Strengthen preconditions: if {{P'}} c {{Q}} is valid and P implies P', then {{P}} c {{Q}} is also valid.
Weaken postconditions: if {{P}} c {{Q'}} is valid and Q' implies Q, then {{P}} c {{Q}} is also valid.

This is important when combining proofs for parts of a command: the proof rules for sequences / conditionals often produce “almost right” pre/postconditions, and the consequence rules let you massage them into the shapes needed to compose everything.

Structured Proofs

The beauty of Hoare logic is that proofs are syntax-directed: the proof follows the shape of the program.

You can write this proof as an annotated program by placing assertions before and after each command. This is called a decorated program.

Most assertions come from the assignment rule. You typically work backwards from the postcondition, occasionally adding small implication steps. In Hoare2.v, a verification condition generator checks these steps, and the verify tactic can automatically solve many of the resulting goals.

Definition swap_XY' (m n : nat) : decorated :=
  <{
    {{ X = m /\ Y = n }}
    Z := X
    {{ X = m /\ Y = n /\ Z = m }};
    X := Y
    {{ X = n /\ Y = n /\ Z = m }};
    Y := Z
    {{ X = n /\ Y = m /\ Z = m }} ->>
    {{ X = n /\ Y = m }}
  }>.

Theorem swap_correct' : forall m n,
  outer_triple_valid (swap' m n).
Proof. verify. Qed.

Using erase_d, we can also prove that the annotated program is equivalent to the original:

Theorem swap_XY_equal : forall m n,
  erase_d (swap_XY' m n) = swap_XY.
Proof. reflexivity. Qed.

Loops are the main challenge. You must choose a loop invariant, which acts like an induction hypothesis:

The invariant must hold before the loop starts
It must remain true after each loop iteration
When the loop terminates, the invariant combined with the negated guard must imply the postcondition

Example: This program computes the integer square root of m. It initializes X to m and Z to 0. The loop maintains the invariant X = m /\ Z * Z <= m. The first conjunct preserves the input value. The second ensures the current Z is not too large. The guard (Z+1)*(Z+1) <= X checks whether the next square still fits. Each iteration increments Z, and the guard ensures Z * Z <= m is reestablished. When the loop terminates, the invariant combined with the negated guard yields the postcondition: Z * Z <= m and m < (Z+1)*(Z+1), meaning Z is the greatest integer whose square does not exceed m.

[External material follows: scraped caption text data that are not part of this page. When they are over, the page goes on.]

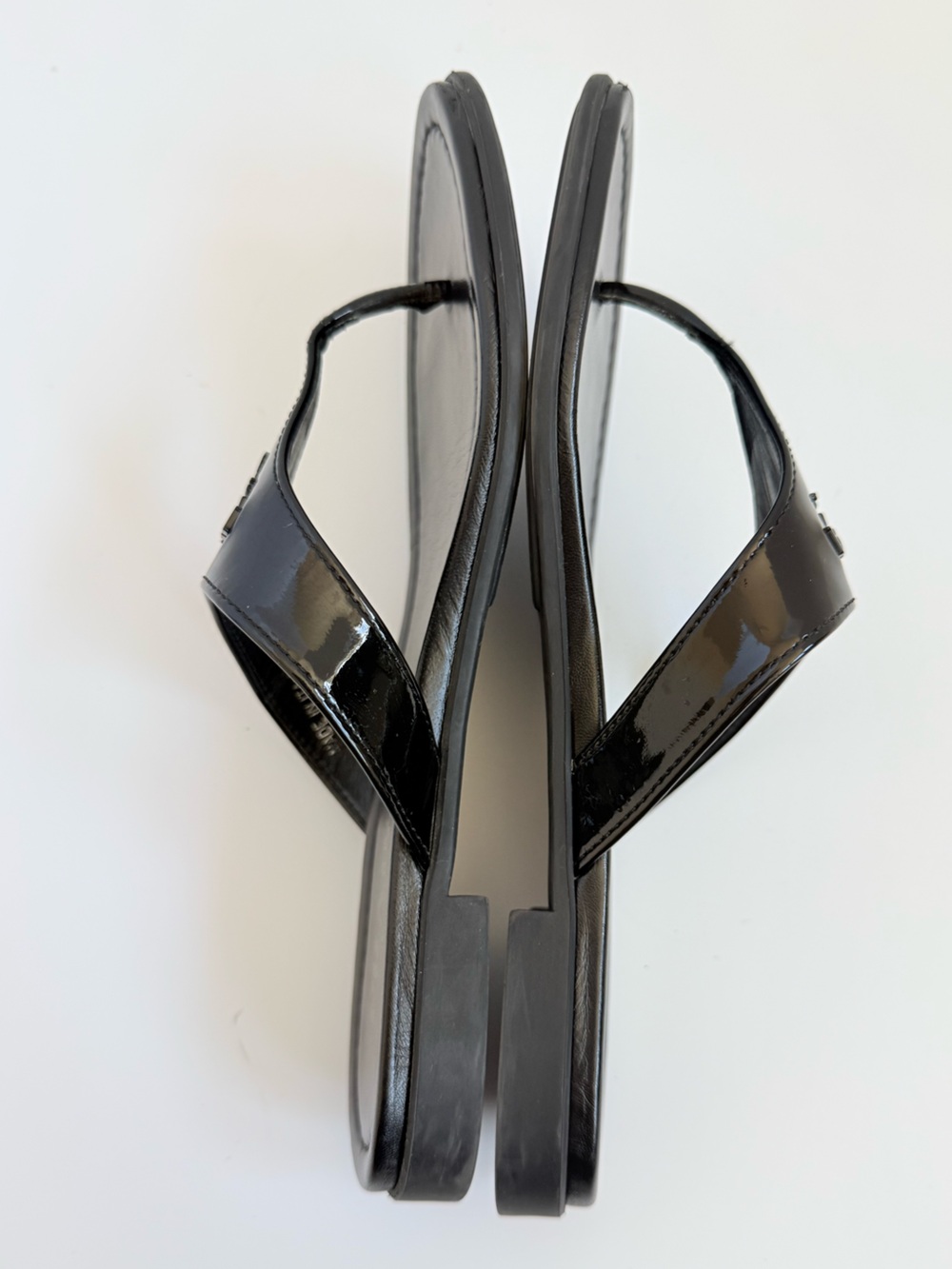 Prada Vernice Patent Leather Logo Thong Sandals Black Flat Slides EU 38 - Picture 5 of 11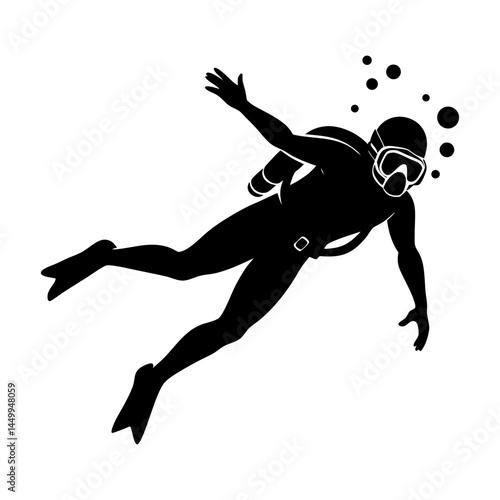 Scuba Diver Silhouette vector illustration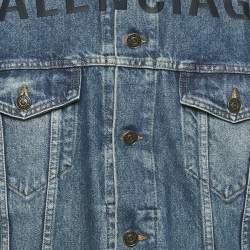 Pre Owned Balenciaga Blue Logo Embroidery Denim Button Front Jacket M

Definition sqrt (m: nat) : decorated :=
  <{
    {{ X = m }} ->>
    {{ X = m /\ 0 * 0 <= m }}
      Z := 0
                   {{ X = m /\ Z * Z <= m  }};
      while ((Z+1)*(Z+1) <= X) do
                   {{ X = m /\ Z * Z <= m /\ (Z + 1) * (Z + 1) <= X }} ->>
                   {{ X = m /\ (Z + 1) * (Z + 1) <= X }}
        Z := Z + 1
                   {{ X = m /\ Z * Z <= m }}
      end
    {{ X = m /\ Z * Z <= m /\ ~((Z + 1) * (Z + 1) <= X) }} ->>
    {{ Z * Z <= m /\ m < (Z + 1) * (Z + 1)}}
  }>.

Weakest Precondition

For any command c and postcondition Q, there exists a weakest precondition wp c Q: the most general assertion that guarantees Q after c terminates. Any other valid precondition P must be stronger (i.e., P implies wp c Q).

The weakest precondition can be computed algorithmically by working backward through the program:

Assignment: wp (X := a) Q is Q[X |-> a] (substitute a for X in Q)
Sequence: wp (c1; c2) Q is wp c1 (wp c2 Q)
Conditional: wp (if b then c1 else c2) Q is (b /\ wp c1 Q) \/ (~b /\ wp c2 Q)
Skip: wp skip Q is just Q

For loops, the weakest precondition is more complex and typically requires finding a loop invariant. In practice, we often work with sufficient (but not necessarily weakest) preconditions.

The assignment rule is fundamental: it shows that Hoare logic naturally computes weakest preconditions by substitution when working backward from postconditions.